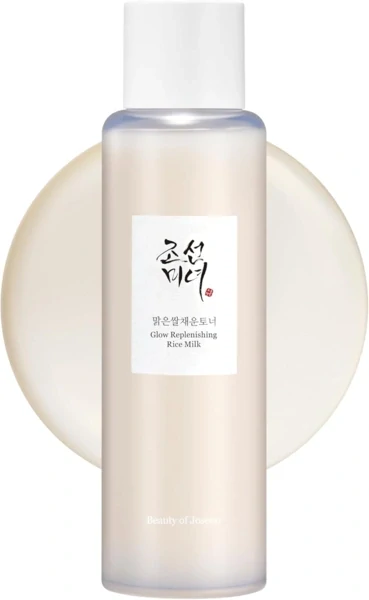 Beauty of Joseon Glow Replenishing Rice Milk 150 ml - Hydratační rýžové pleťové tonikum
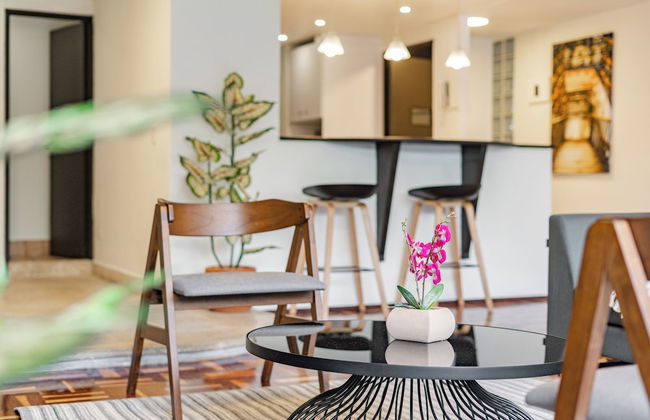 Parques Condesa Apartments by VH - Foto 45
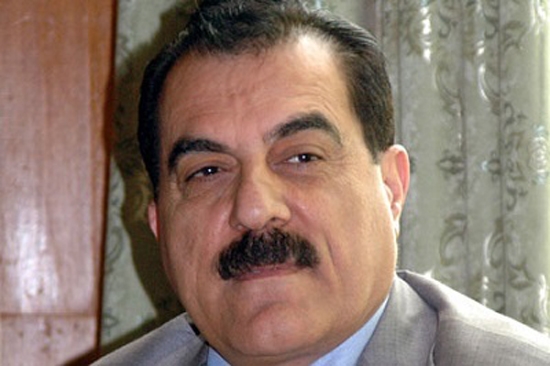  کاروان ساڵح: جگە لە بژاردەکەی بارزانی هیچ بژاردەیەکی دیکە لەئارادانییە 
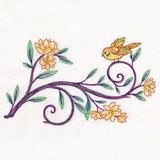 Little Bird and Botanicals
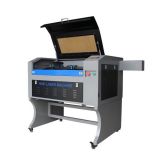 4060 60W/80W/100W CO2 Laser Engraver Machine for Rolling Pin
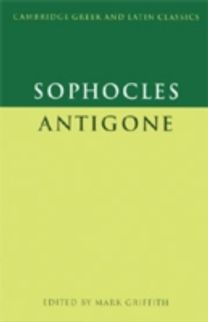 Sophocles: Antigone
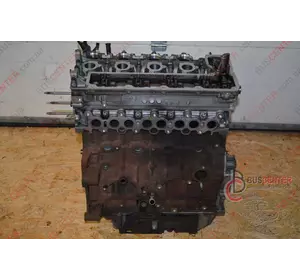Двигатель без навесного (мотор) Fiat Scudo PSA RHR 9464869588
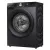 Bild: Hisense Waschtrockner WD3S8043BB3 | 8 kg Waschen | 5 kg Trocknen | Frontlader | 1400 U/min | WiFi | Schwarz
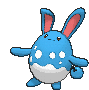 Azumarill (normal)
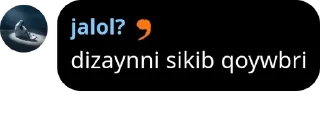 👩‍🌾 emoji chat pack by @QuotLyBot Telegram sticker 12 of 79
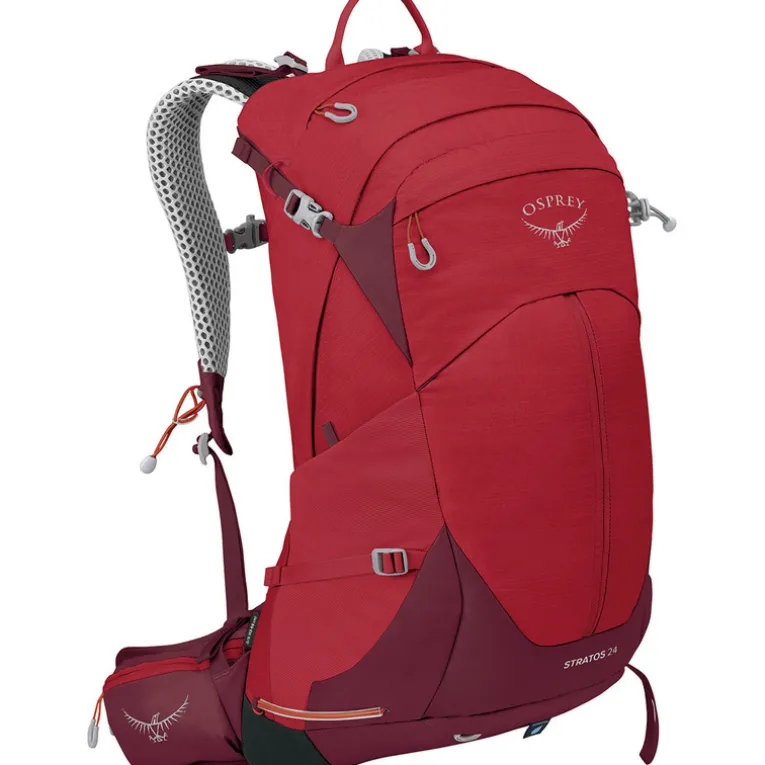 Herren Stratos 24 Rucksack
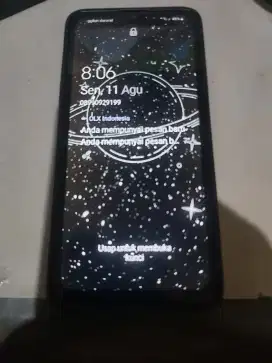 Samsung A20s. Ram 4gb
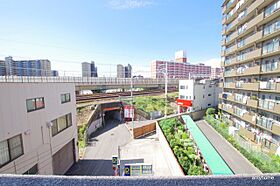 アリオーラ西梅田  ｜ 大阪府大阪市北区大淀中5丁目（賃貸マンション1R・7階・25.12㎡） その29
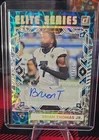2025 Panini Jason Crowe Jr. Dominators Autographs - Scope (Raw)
++++
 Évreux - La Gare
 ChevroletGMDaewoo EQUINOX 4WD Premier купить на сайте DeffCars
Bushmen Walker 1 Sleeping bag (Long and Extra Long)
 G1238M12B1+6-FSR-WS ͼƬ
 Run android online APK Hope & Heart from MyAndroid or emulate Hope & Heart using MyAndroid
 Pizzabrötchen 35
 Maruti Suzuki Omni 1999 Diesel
++++
◆ What you are asked to do ◆
Only the lines above starting at the line that holds "Bushmen Walker 1" and ending at the line that holds "Maruti Suzuki Omni 1999 Diesel" are to be repeated, exactly and in full.

◆ Solution below ◆
Bushmen Walker 1 Sleeping bag (Long and Extra Long)
 G1238M12B1+6-FSR-WS ͼƬ
 Run android online APK Hope & Heart from MyAndroid or emulate Hope & Heart using MyAndroid
 Pizzabrötchen 35
 Maruti Suzuki Omni 1999 Diesel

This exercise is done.